5 Article FDG PET/CT for tumoral and systemic immune response monitoring of advanced melanoma during first-line combination ipilimumab and nivolumab treatment. 2020

Iravani, Amir / Osman, Medhat M / Weppler, Alison M / Wallace, Roslyn / Galligan, Anna / Lasocki, Arian / Hunter, Morgan O / Akhurst, Tim / Hofman, Michael S / Lau, Peter K H / Kee, Damien / Au-Yeung, George / Sandhu, Shahneen / Hicks, Rodney J. ·Cancer Imaging, Peter MacCallum Cancer Centre, 305 Grattan Street, Melbourne, VIC, 3000, Australia. amir.iravani@wustl.edu. · Sir Peter MacCallum Department of Oncology, University of Melbourne, Melbourne, VIC, Australia. amir.iravani@wustl.edu. · Division of Nuclear Medicine, Department of Radiology, Saint Louis University Hospital, St. Louis, MO, USA. · Department of Medical Oncology, Peter MacCallum Cancer Centre, Melbourne, VIC, Australia. · Cancer Imaging, Peter MacCallum Cancer Centre, 305 Grattan Street, Melbourne, VIC, 3000, Australia. · Sir Peter MacCallum Department of Oncology, University of Melbourne, Melbourne, VIC, Australia. · Department of Biostatistics and Clinical Trials, Peter MacCallum Cancer Centre, Melbourne, VIC, Australia. ·Eur J Nucl Med Mol Imaging · Pubmed #32338306.

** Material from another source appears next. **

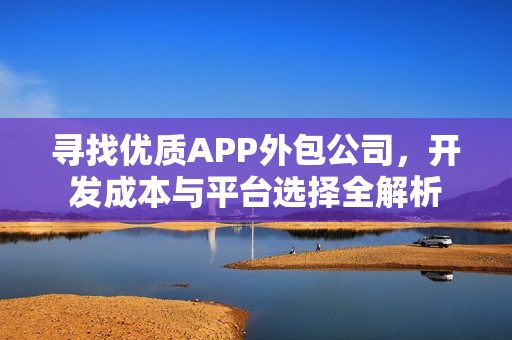 寻找优质APP外包公司，开发成本与平台选择全解析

ABSTRACT: PURPOSE: We aimed to investigate the role of FDG-PET/CT in monitoring of response and immune-related adverse events (irAEs) following first-line combination-immune checkpoint inhibitor (combination-ICI) therapy for advanced melanoma. METHODS: We retrospectively reviewed outcomes in patients who had (1) first-line nivolumab plus ipilimumab; (2) pre- and post-treatment FDG-PET/CT scans (pre-FDG-PET/CT and post-FDG-PET/CT) within 2 and 4 months of starting ICI, respectively; and (3) at least one lesion assessable by PET response criteria in solid tumors (PERCIST). Extracranial response was monitored by 3 monthly FDG-PET/CT. Whole-body metabolic tumor volume (wbMTV) was measured pre- and post-treatment and correlated with outcome. FDG-PET/CT manifestations of irAE were defined as new increased non-tumoral uptake on post-FDG-PET/CT and were correlated with clinical presentation. RESULTS: Thirty-one consecutive patients, median age 60 years (range, 30-78), were identified from 2016 to 2018. The median number of combination-ICI cycles to the first post-FDG-PET/CT response assessment was 3 (interquartile range (IQR), 2-4). The best-overall responses were complete metabolic response (CMR) in 25 (80%), partial metabolic response (PMR) in 3 (10%), and progressive metabolic disease (PMD) in 3 (10%) patients. Patients with PMD had significantly higher pre-treatment wbMTV (p = 0.009). At a median follow-up of 21.5 months, 26 (84%) patients were alive with median progression-free and overall survival not reached. Secondary progression occurred in 9/31 (29%) patients at a median of 8.2 months (IQR, 6.9-15.5), of those majority (78%) was detected by FDG-PET/CT. Of 36 findings on post-FDG-PET/CT suggestive of irAE, 29 (80%) had clinical confirmation. In 3 (7%), the FDG-PET/CT findings preceded clinical presentation. The most common FDG-PET/CT detectable irAEs were endocrinopathies (36%) and enterocolitis (35%). CONCLUSION: FDG-PET/CT response evaluation predicts the long-term outcome of patients treated with first-line combination-ICIs. Long-term treatment response monitoring for detection of extracranial secondary progression is feasible by FDG-PET/CT. Beyond response assessment, FDG-PET/CT frequently detects clinically relevant irAEs, which may involve multiple systems contemporaneously or at various time-points and may precede clinical diagnosis.